- Figure out what is the correct way to scale up the remote function.
- Figure out scaling relations between replicas of the remote function, Flink
parallelism.default
configuration, ingress topic partition counts together with message partition keys. What is the design intentions behind this topic.
As the docs suggest, one of the benefits of flink statefun remote functions is that the remote function can scale differently with the flink workers and task parallelism. To understand more about how these messages are sent to the remote function processes. I have tried following scenarios.
Preparation
- Use https://github.com/apache/flink-statefun-playground/blob/main/deployments/k8s this for my experiment.
- Modify the https://github.com/apache/flink-statefun-playground/blob/main/deployments/k8s/03-functions/functions.py to the following to check the logs how things are parallelized in practice
...
functions = StatefulFunctions()
@functions.bind(typename="example/hello")
async def hello(context: Context, message: Message):
arg = message.raw_value().decode('utf-8')

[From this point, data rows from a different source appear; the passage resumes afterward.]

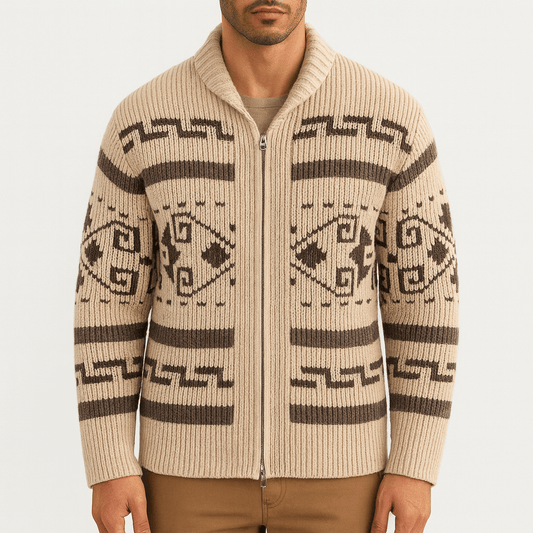 Soft Zip Up Sweater - OutfitLondon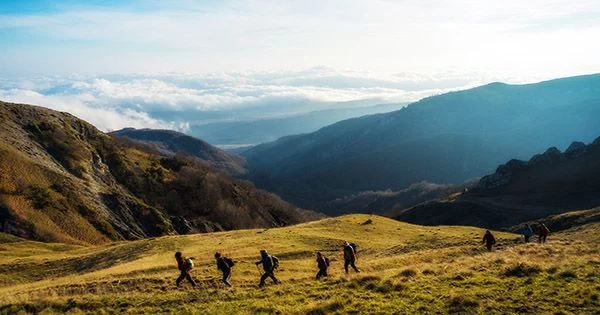 Hiking-Gubas-Mountain-in-Azerbaijan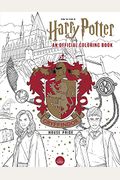Harry Potter: Gryffindor House Pride: The Official Coloring Book: (Gifts Books For Harry Potter Fans, Adult Coloring Books)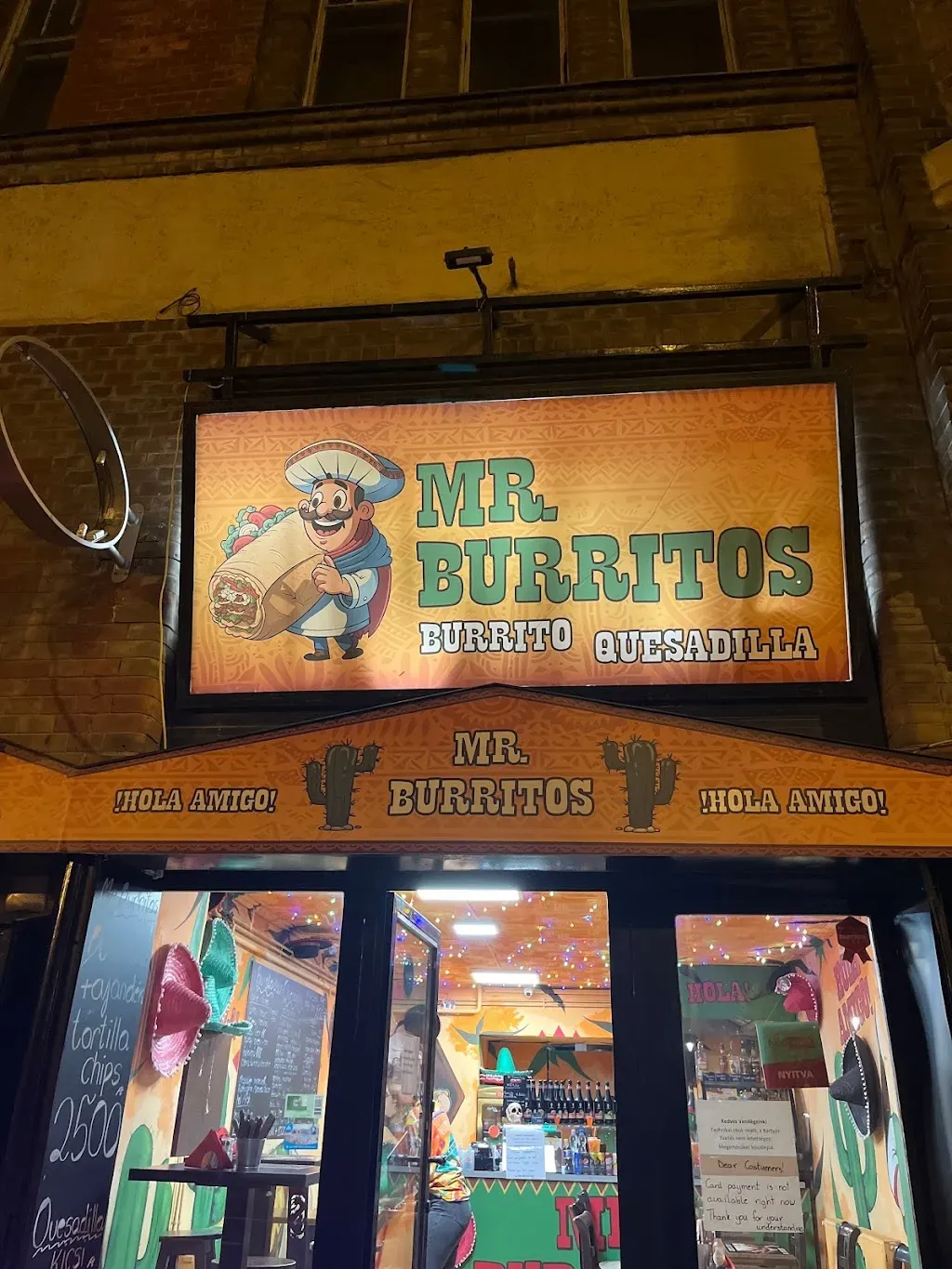 Mr. Burritos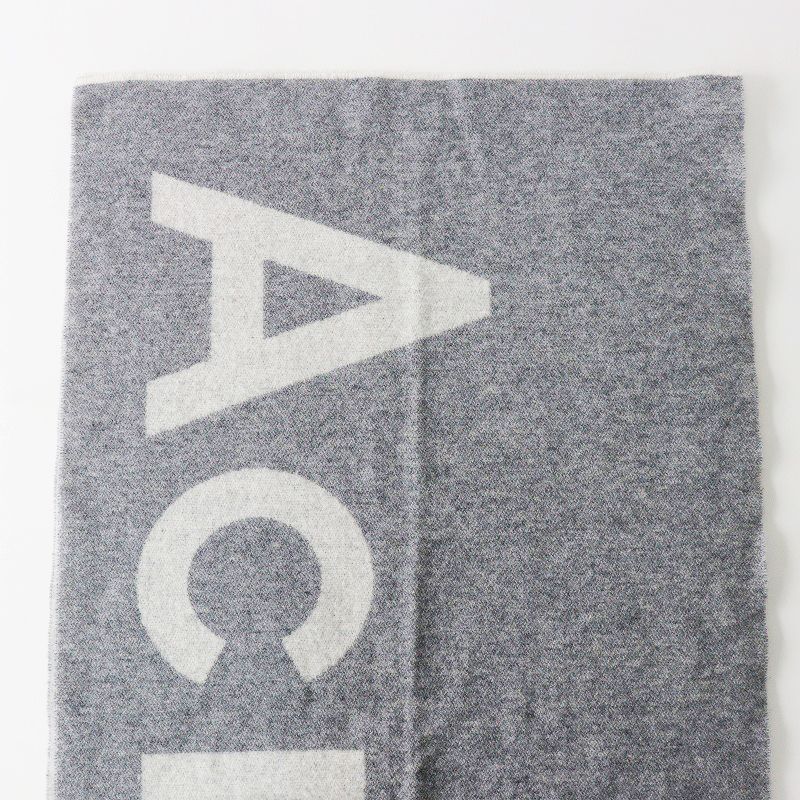 アパルトモン購入 アクネストゥディオズ Acne Studios Toronty Logo Scarf  ウール ロゴストール 220X52cm/グレー【2400013829038】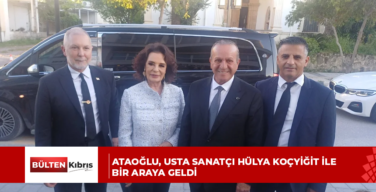 Ataoğlu, usta sanatçı Hülya Koçyiğit ile bir araya geldi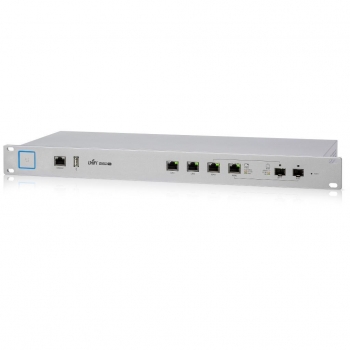 Router Ubiquiti UniFi Security Gateway Pro, 1 x RJ45 Serial port, 2 x 10/100/1000 RJ45 Port, 2 x 10/100/1000 RJ45/SFP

hostname = os.getenv('HOSTNAME')
for _ in range(10):
print(f"{datetime.utcnow()} {hostname}: Hello from {context.address.id}: you wrote {arg}!", flush=True)
time.sleep(1)
...
- Play around the
parallelism.default
in the flink.conf, replicas count in the functions deployment configuration as well different partitioning configurations in the ingress topic:names
Observations
- When sending messages with the same partition key, everything seems to be running sequentially. Meaning if I send 5 messages like "key1:message1", "key1:message2", "key1:message3", "key1:message4", ""key1:message5". I can see that only one of the pod is getting requests even I have more replicas (Configured 5 replicas) of the remote function in the deployment. Regardless how I configure the parallelism or increasing the ingress topic partition count, it always stays the same behavior.
- When sending messages with 10 partition keys (The topic is configured with 5 partitions, and parallelism is configured to 5 and the replicas of the remote function is configured to 5). How the replicas remote function receiving the requests seems to be random. Sometime, 5 of them receiving requests at the same time so that 5 of them can run some task together. But some time only 2 of them are utilized and other 3 are just waiting there.
- Seems parallelism determines the number of consumers in the same consumer group that subscribing to the ingress topic. I suspect if I have if configured more parallelism than the number of partitions in the ingress topic. the extra parallelism will just stay idle.
My Expectations
- What I really expect how this SHOULD work is that 5 of the replica remote functions should always be fully utilized if there is still backlogs in the ingress topic.
- When the ingress topic is configured with multiple partitions, each partitions should be batched separately and multiplex with other parallelism (or consumers) batches to utilize all of the processes in the remote functions.
Can some Flink expert help me understand the above behavior and design intentions more?